▶ Data under study
┄┄┄┄┄┄┄┄┄┄┄┄┄┄┄┄┄┄┄┄
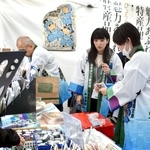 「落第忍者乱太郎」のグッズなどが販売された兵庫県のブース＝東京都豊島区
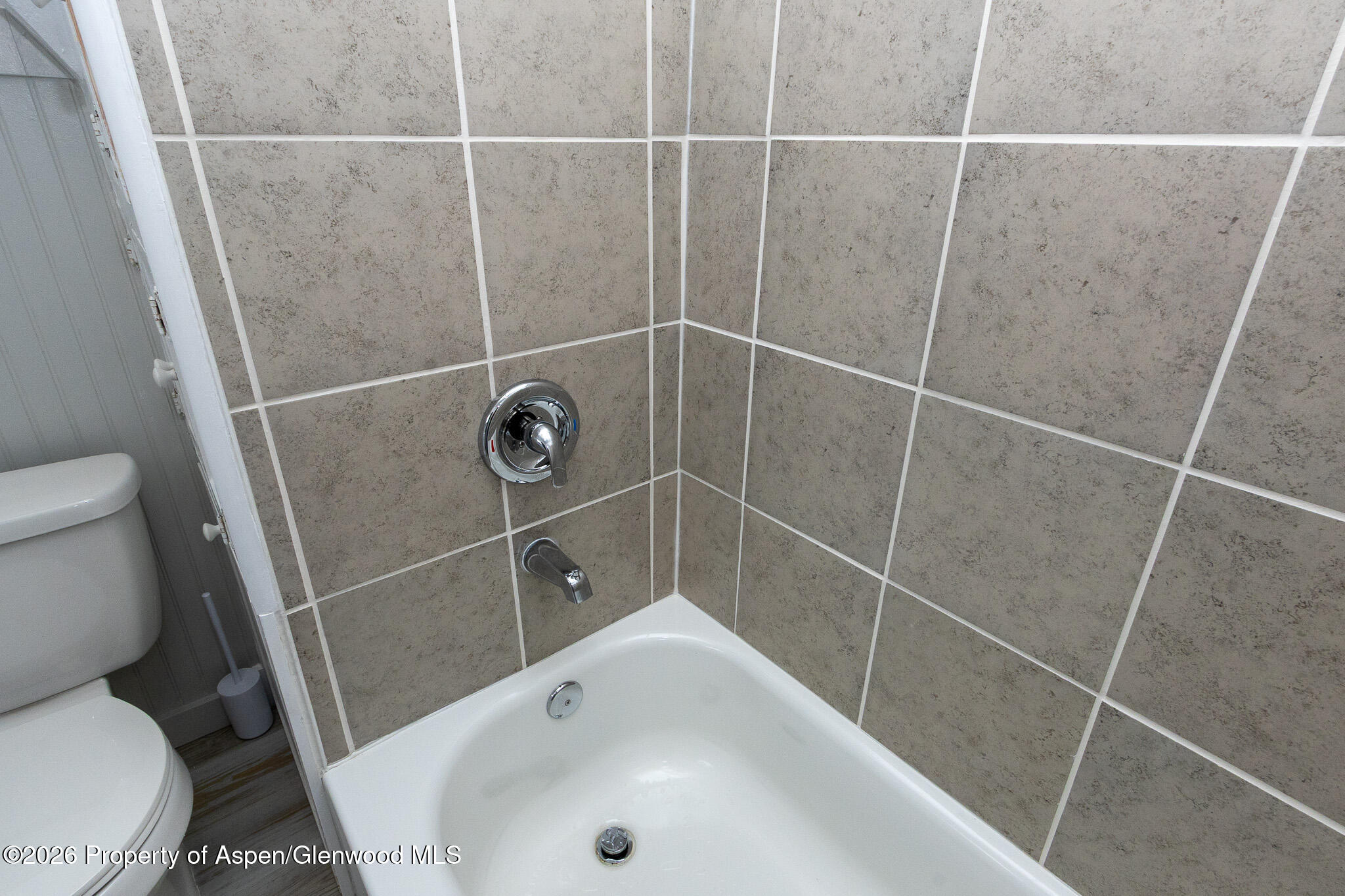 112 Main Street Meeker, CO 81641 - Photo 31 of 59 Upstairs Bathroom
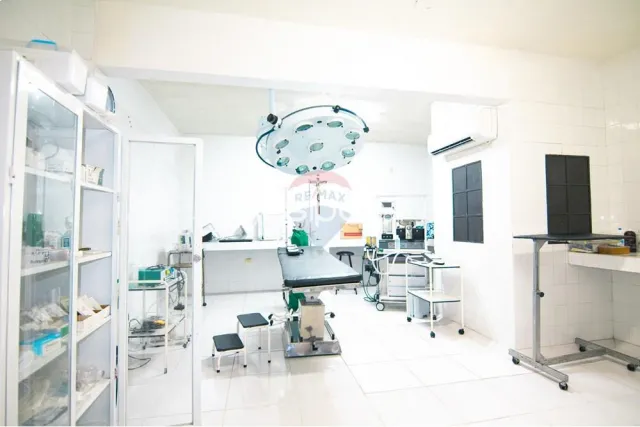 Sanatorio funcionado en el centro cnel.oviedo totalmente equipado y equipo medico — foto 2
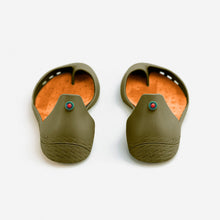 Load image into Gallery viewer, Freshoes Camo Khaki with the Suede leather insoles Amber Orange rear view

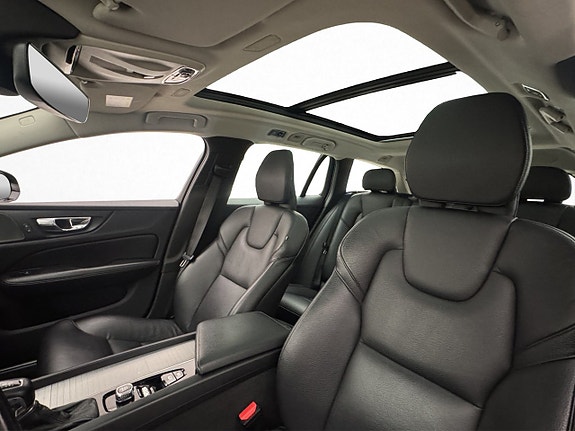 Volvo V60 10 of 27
┄┄┄┄┄┄┄┄┄┄┄┄┄┄┄┄┄┄┄┄
▶ What to do
Every line from the one holding "Sanatorio funcionado en" to the last line of the listing above, inclusive, must appear exactly as written, and no picture may appear.

▶ Response to this task
 Sanatorio funcionado en el centro cnel.oviedo totalmente equipado y equipo medico — foto 2
 Load image into Gallery viewer, Freshoes Camo Khaki with the Suede leather insoles Amber Orange rear view

 Volvo V60 10 of 27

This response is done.